Kegiatan arkeologi di lapangan yang paling khas berupa ekskavasi. Sebelum dilakukan ekskavasi, sering kali didahului dengan survei (permukaan). Â
Hasil survei diteliti di dalam kantor. Sebelumnya benda-benda hasil survei, terutama yang berbentuk kecil, dimasukkan ke dalam kantong plastik. Pada label dituliskan nama wilayah, nama situs, tanggal survei, nama temuan, berat temuan, dsb.
Begitu pun hasil ekskavasi. Selalu diberi label untuk memudahkan penelitian selanjutnya. Label temuan ibarat ID Card setiap benda hasil penelitian arkeologi.  Benda-benda yang sudah diberi label dimasukkan ke dalam kontener.
Selain adanya label survei dan label ekskavasi, setiap kotak ekskavasi pun diberi label seperti nama situs, kotak, lot/spit, dan tanggal.
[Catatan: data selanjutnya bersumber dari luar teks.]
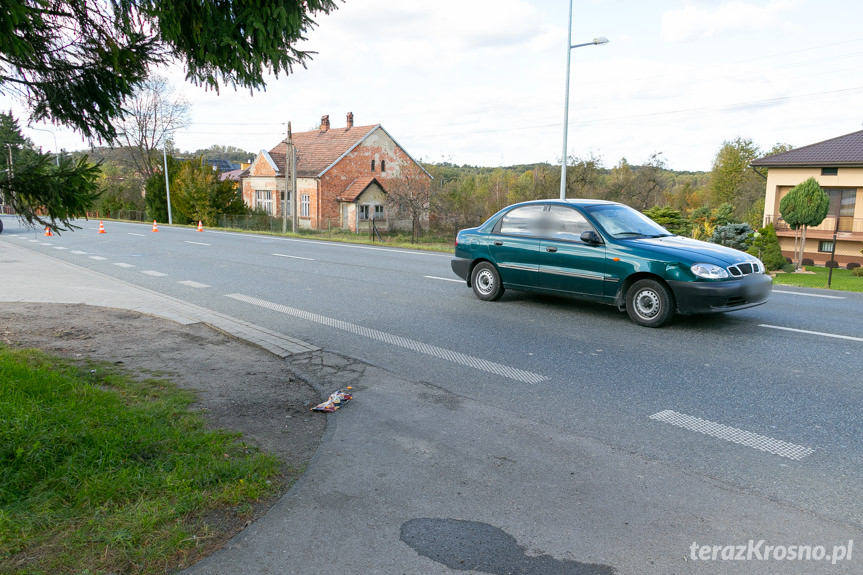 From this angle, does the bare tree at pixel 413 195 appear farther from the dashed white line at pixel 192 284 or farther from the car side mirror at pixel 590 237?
the car side mirror at pixel 590 237

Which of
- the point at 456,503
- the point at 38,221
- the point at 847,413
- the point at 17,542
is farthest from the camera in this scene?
the point at 38,221

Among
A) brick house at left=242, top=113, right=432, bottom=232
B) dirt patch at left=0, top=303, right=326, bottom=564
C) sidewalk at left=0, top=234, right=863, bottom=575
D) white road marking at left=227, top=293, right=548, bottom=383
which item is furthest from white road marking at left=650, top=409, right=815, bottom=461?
brick house at left=242, top=113, right=432, bottom=232

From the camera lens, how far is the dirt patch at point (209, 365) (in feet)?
13.7

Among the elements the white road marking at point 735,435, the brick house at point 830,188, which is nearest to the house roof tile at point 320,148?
the brick house at point 830,188

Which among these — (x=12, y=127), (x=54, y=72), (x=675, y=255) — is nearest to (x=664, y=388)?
(x=675, y=255)

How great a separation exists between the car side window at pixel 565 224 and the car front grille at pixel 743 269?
194cm

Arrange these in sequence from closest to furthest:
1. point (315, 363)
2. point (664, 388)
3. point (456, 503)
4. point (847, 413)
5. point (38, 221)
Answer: point (456, 503)
point (847, 413)
point (38, 221)
point (664, 388)
point (315, 363)

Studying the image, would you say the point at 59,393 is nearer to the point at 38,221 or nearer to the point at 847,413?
the point at 38,221

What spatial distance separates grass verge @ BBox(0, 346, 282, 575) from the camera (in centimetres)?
277

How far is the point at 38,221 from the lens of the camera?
512cm

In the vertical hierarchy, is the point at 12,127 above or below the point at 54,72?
below

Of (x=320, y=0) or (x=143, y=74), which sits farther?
(x=143, y=74)

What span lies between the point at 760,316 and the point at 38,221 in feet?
29.7

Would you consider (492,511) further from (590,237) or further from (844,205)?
(844,205) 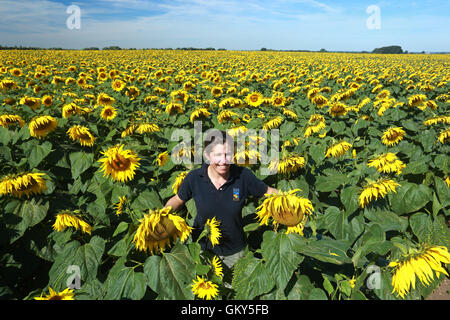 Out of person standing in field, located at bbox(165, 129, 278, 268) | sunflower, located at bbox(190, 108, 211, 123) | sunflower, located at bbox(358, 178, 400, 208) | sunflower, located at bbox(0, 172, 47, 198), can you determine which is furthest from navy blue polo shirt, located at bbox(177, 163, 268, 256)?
sunflower, located at bbox(190, 108, 211, 123)

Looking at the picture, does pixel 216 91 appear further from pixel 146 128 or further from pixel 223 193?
pixel 223 193

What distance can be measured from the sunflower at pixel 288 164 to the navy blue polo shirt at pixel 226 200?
0.27 metres

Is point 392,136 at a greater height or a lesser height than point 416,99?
lesser

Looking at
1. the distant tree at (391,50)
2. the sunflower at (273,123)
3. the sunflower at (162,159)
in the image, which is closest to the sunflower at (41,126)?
the sunflower at (162,159)

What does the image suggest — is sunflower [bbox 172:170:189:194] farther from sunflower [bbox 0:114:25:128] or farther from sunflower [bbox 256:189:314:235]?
sunflower [bbox 0:114:25:128]

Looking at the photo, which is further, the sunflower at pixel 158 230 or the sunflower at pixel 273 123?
the sunflower at pixel 273 123

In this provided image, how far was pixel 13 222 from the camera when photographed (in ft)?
7.82

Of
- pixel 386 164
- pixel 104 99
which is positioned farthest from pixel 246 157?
pixel 104 99

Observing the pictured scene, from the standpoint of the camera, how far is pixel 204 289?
192 cm

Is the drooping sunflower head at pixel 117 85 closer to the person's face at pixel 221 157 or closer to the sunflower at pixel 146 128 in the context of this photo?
the sunflower at pixel 146 128

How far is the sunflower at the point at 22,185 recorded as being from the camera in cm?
228

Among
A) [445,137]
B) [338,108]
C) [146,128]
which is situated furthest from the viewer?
[338,108]

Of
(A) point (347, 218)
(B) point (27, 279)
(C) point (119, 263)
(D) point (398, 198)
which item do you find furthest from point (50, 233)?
(D) point (398, 198)

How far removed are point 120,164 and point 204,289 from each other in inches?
→ 59.7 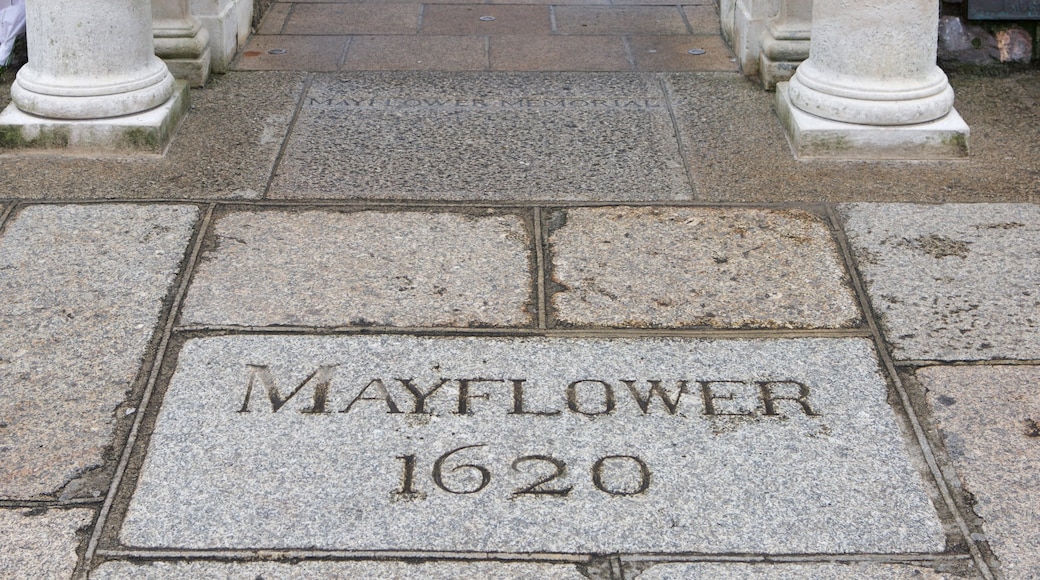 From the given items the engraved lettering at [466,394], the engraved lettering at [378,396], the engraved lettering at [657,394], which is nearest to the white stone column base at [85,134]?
the engraved lettering at [378,396]

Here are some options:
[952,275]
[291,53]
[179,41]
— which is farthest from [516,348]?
[291,53]

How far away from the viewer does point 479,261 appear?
409cm

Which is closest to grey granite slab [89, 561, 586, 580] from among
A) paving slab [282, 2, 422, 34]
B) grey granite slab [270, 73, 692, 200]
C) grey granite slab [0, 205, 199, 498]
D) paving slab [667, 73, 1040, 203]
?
grey granite slab [0, 205, 199, 498]

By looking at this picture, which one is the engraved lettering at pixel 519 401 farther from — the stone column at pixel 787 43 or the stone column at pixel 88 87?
the stone column at pixel 787 43

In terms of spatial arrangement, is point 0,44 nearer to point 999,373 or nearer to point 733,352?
point 733,352

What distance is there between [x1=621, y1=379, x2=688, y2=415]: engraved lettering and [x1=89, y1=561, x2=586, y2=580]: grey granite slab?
683 mm

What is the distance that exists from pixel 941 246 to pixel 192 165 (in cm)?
292

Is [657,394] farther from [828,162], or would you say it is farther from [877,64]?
[877,64]

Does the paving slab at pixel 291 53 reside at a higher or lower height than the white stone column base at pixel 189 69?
lower

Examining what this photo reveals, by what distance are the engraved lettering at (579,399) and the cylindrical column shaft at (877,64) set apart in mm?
2081

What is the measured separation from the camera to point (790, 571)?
9.15 ft

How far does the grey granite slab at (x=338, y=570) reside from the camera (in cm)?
277

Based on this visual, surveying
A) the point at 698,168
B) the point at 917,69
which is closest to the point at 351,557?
the point at 698,168

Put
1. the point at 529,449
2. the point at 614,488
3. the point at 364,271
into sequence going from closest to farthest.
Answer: the point at 614,488
the point at 529,449
the point at 364,271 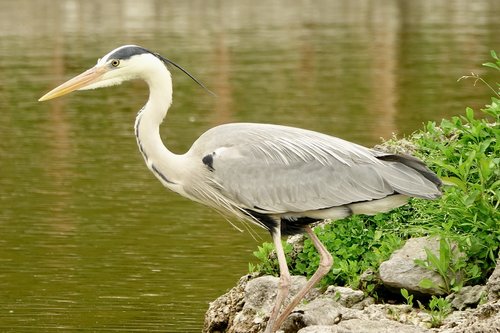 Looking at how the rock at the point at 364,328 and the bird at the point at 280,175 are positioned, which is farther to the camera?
the bird at the point at 280,175

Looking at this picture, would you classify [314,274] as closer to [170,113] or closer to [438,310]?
[438,310]

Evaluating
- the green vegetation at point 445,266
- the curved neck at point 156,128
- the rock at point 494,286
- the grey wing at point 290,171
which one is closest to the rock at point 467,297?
the green vegetation at point 445,266

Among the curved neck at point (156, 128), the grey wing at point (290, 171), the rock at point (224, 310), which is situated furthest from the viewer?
the rock at point (224, 310)

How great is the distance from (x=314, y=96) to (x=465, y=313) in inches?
538

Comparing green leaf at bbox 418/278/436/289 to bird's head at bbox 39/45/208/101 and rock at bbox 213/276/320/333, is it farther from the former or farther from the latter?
bird's head at bbox 39/45/208/101

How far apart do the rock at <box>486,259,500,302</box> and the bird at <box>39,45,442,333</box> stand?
25.5 inches

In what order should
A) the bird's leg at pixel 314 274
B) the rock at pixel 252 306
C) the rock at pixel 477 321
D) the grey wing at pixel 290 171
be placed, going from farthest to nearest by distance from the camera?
1. the rock at pixel 252 306
2. the grey wing at pixel 290 171
3. the bird's leg at pixel 314 274
4. the rock at pixel 477 321

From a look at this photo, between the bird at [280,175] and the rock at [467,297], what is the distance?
551mm

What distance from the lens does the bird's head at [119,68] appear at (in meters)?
7.44

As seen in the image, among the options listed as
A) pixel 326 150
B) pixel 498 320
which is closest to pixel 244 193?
pixel 326 150

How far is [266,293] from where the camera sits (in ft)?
25.1

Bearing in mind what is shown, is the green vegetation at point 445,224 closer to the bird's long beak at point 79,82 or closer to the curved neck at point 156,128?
the curved neck at point 156,128

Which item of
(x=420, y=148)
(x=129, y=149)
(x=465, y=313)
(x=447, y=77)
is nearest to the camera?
(x=465, y=313)

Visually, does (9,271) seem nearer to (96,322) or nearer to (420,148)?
(96,322) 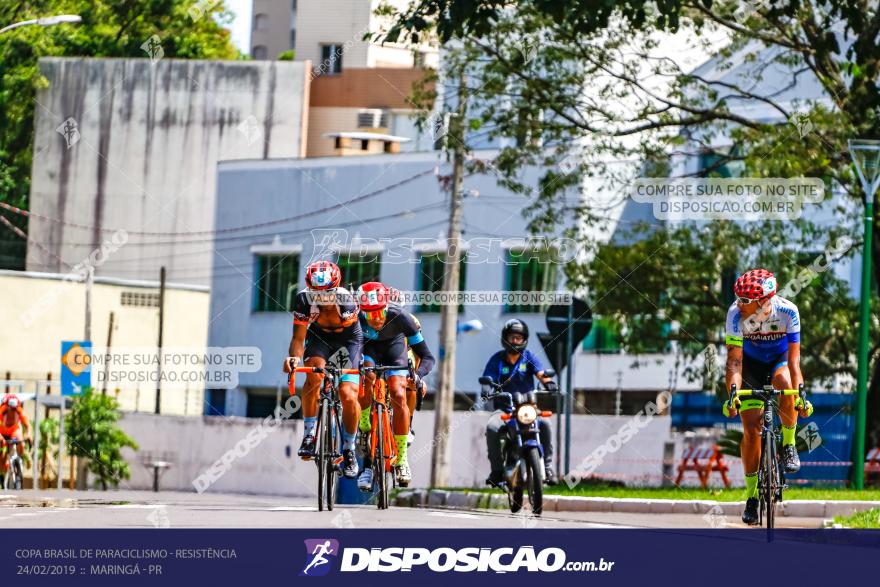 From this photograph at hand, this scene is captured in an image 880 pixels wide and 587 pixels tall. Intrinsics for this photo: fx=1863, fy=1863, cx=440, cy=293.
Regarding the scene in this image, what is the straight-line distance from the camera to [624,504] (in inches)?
893

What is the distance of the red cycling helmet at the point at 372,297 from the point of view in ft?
48.9

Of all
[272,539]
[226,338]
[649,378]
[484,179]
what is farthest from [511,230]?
[272,539]

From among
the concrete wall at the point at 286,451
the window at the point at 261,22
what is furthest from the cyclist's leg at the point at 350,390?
the window at the point at 261,22

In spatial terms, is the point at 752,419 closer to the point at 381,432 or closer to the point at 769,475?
the point at 769,475

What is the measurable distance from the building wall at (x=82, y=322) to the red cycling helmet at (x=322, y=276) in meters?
27.9

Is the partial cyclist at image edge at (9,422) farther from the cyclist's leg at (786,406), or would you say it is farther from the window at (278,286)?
the cyclist's leg at (786,406)

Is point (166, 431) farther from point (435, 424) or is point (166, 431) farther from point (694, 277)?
point (694, 277)

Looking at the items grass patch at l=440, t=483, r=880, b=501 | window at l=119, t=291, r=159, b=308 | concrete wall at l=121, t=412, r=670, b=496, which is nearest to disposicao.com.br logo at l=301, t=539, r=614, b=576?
grass patch at l=440, t=483, r=880, b=501

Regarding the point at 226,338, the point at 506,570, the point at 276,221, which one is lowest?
the point at 506,570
Tidak lupa tanda panah dan skala meter. Tanda panah dipasang menunjuk arah utara. Dengan demikian arah-arah lain bisa diidentifikasi. Sementara itu skala meter dipasang untuk menggambarkan ukuran benda temuan. Ukuran skala meter tergantung besar kecil benda temuan.
Skala meter untuk kotak galian juga harus disertakan. Biasanya berukuran 1 meter. Skala meter dibuat dari kertas atau kayu dengan selang-seling warna, seperti hitam-putih-hitam.
Kembali ke masalah label, di dunia arkeologi label survei dan label ekskavasi diklasifikasikan menjadi 10 jenis, yaitu batu, gerabah, kerang, arang, kaca, logam, bata, emas, tulang, dan keramik. Hal ini dilakukan untuk mempermudah proses pencatatan. Label temuan dibuat berwarna--warni supaya mudah dikenali sesuai peruntukan masing-masing.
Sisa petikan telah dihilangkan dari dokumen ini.